Anger researchers Deborah Cox, PhD, Patricia Van Velsor, PhD, and Joseph Hulgus, PhD, are working to validate an anger diversion model. Cox first developed the model with Sally Stabb, PhD, and Karin H. Bruckner, authors of "The Anger Advantage" (Broadway, 2003). The model holds that when individuals bypass awareness of their anger, the diversion process can cause anger symptoms.

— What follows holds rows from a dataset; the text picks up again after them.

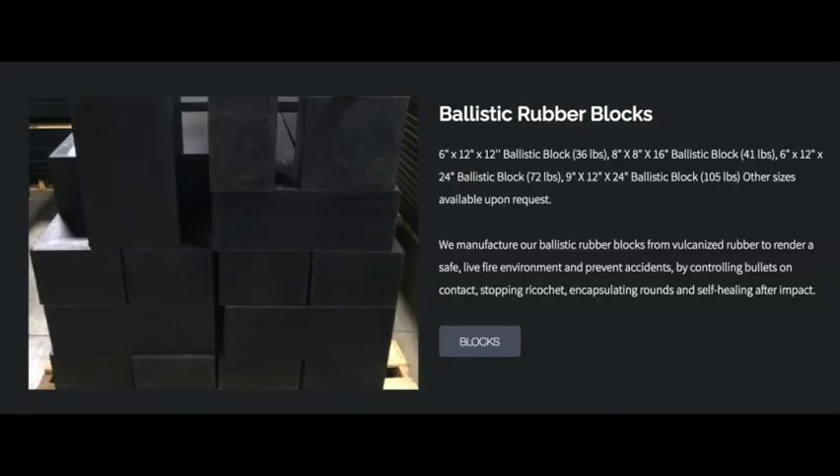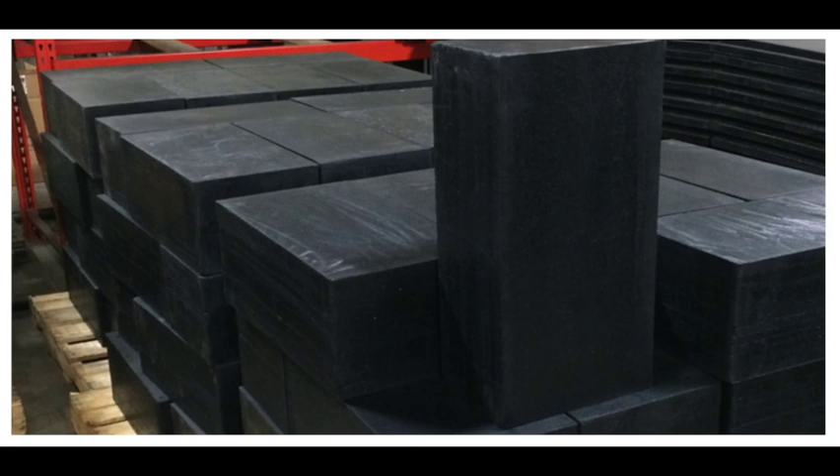Basically, ballistic rubber is a hardened block of rubber that's used in live fire environments. That means you can shoot bullets into ballistic rubber and it will stop the bullets and prevent ricochet. It'll basically encapsulate the rounds and hold them so they can't penetrate through, and not only that, but after you shoot it with a round it will actually self-heal after impact.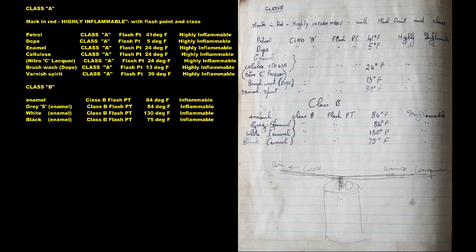Varnish Spirit, flash point 39 degrees Fahrenheit. Class B — Inflammable. Enamel, flash point 84 degrees Fahrenheit. Grey S Enamel, flash point 84 degrees Fahrenheit. White Enamel, flash point 130 degrees Fahrenheit. Black Enamel, flash point 75 degrees Fahrenheit.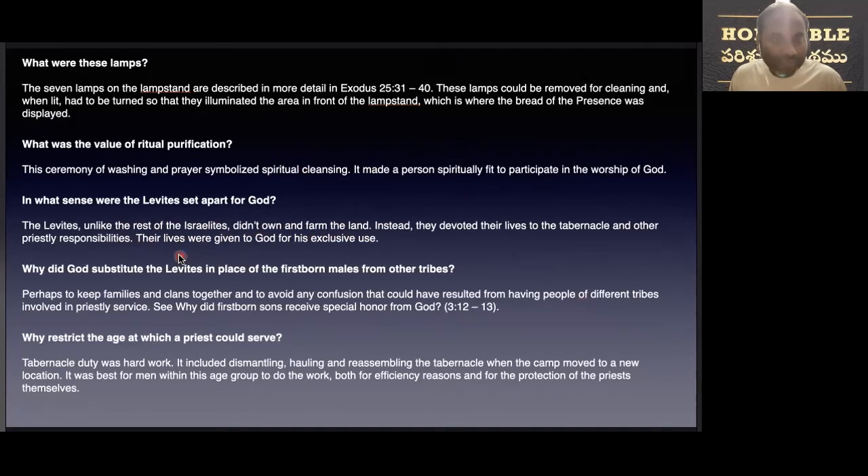Their lives were given to God for this exclusive purpose. Why did God substitute Levites in the place of firstborn males from the other tribes? Perhaps to keep families and clans together and to avoid any confusion that could have resulted from having people of different tribes involved in priestly service.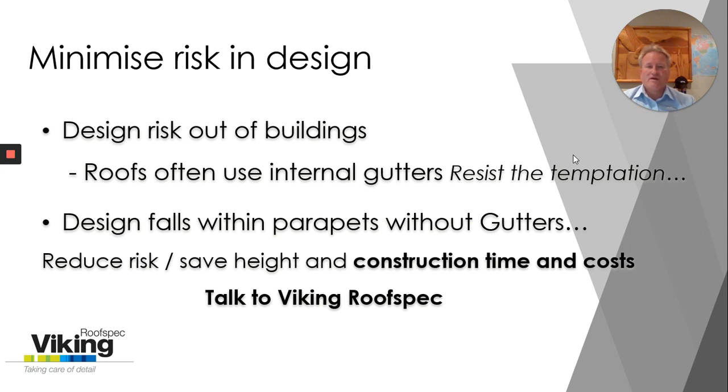Please, as always, the best advice that I give to you is in the early stages of your roof design, give your waterproofing supplier a call. Whether that's us at Viking RoofSpec or another supplier, give us a call — we can help you out. We know the typical situations and we can give you the best advice in detail.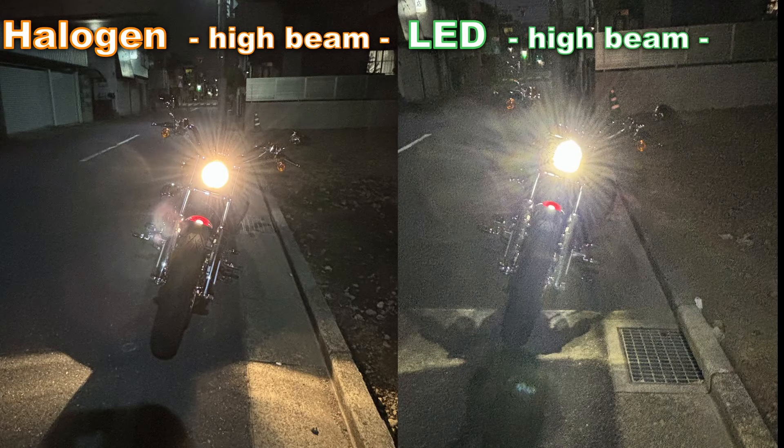I hope you can try doing this yourself to see the differences with your own eyes. Anyway, thanks for watching and see you again soon.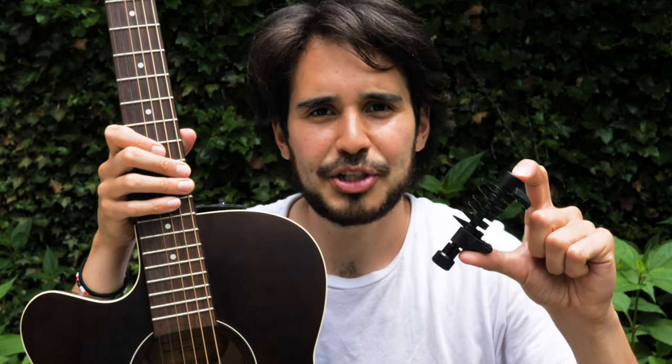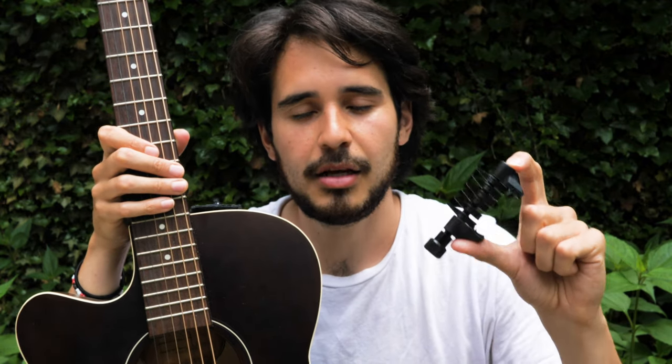What's up guys, I'm Dan Barracuda and I'm going to show you guys how to put on the Spider Capo. This is a super powerful songwriting tool and guitar playing tool. Highly recommend this thing, I love this thing. And I'm going to show you how to put it on.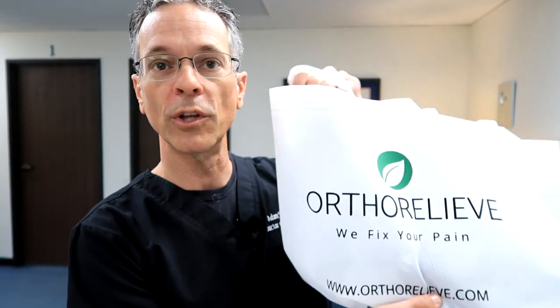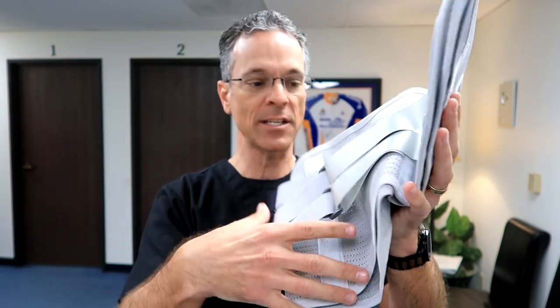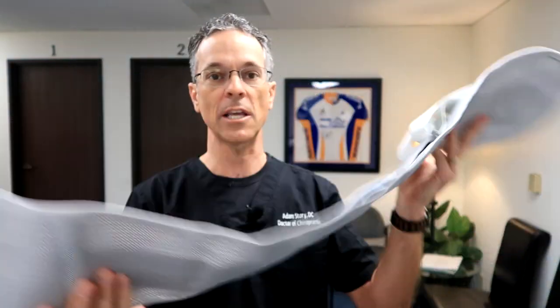The back brace that I like to use is a brand from Ortho Relieve. Let me show you what's in here. There are different pads, but I'm going to show you how to use these and, most importantly, what to look for. This is called the Lumbar Mate, and it is specifically for the types of back pain that I normally see.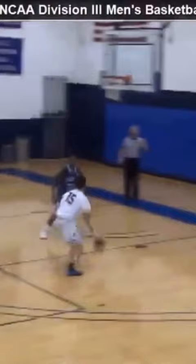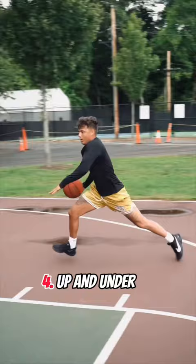Aim for the middle of the defender's chest — this was my favorite finish in college. Number four is super flashy but super effective. This finish is primarily used on the baseline but can be used at different angles.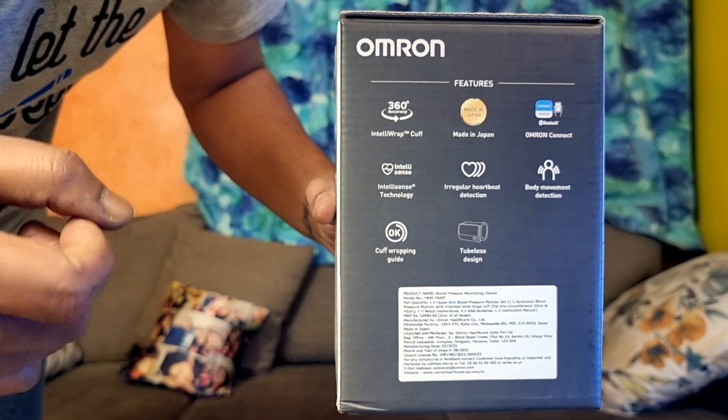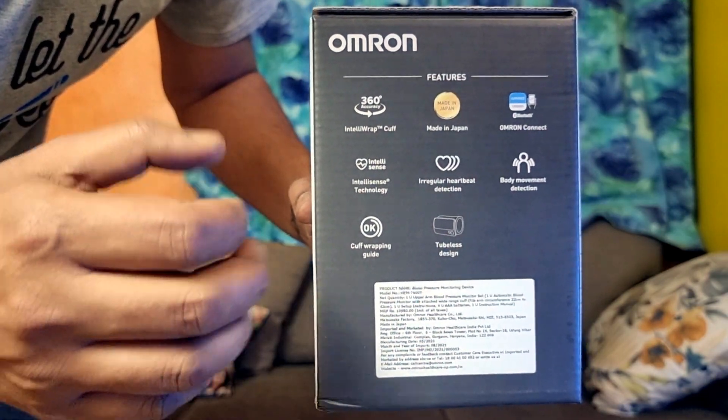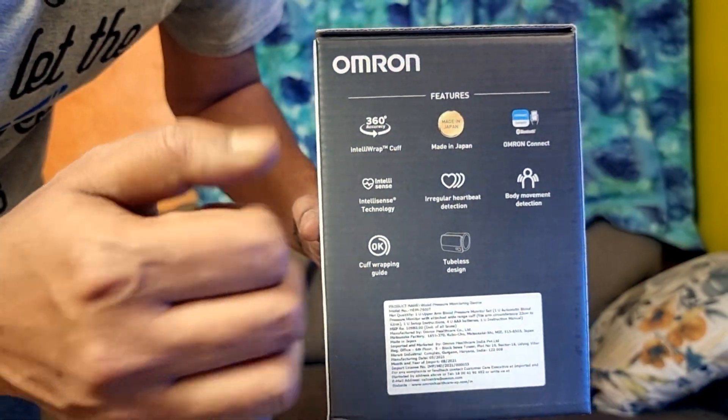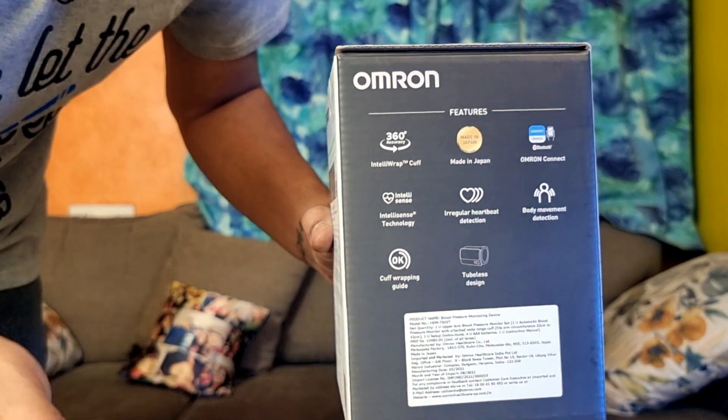This is the tubeless design, compact, and you can see the features of the smart connect, irregular heartbeat detection, and all kinds of things.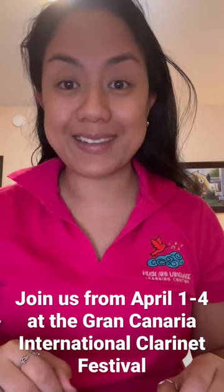Hello! I'm Christine from the Music and Language Learning Center, and right now I'm really excited to tell you about a workshop we're going to be having in Canary Islands. Right here I have a couple of instruments from Nougal Instrumentals.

In support, the team has found women who either try to mask their anger, or externalize and project their anger irresponsibly, were at higher risk for anxiety, nervousness, tension and panic attacks.
Cox, a Southwest Missouri State University psychologist and assistant professor, hopes that researchers will also apply the anger diversion model to men and boys. "It may be that men are more reinforced for using certain diversion forms over others--and more than women," Cox says. "However, it seems that the underlying process may be the same across genders, and it's one that could be translated, 'Your anger is wrong and should be gotten rid of as soon as possible.'"
To get at such complexities, researchers may need to try new approaches, Cox says. "Much of what we must do demands that we talk to women and men and get their stories about anger, versus testing them in a paper-and-pencil type of format," she explains. "Only through getting people's verbatim stories can we get a real sense of how they interpret their own anger."
Cox, D.L., Bruckner, K.H., & Stabb, S.D. (2003). The anger advantage. New York: Broadway/Doubleday.
DiGiuseppe, R., & Tafrate, R.C. (in press). The anger disorder ScalManual. Toronto: Multi-Health Systems.
Thomas, S.P. (1993). Women and anger. New York: Springer.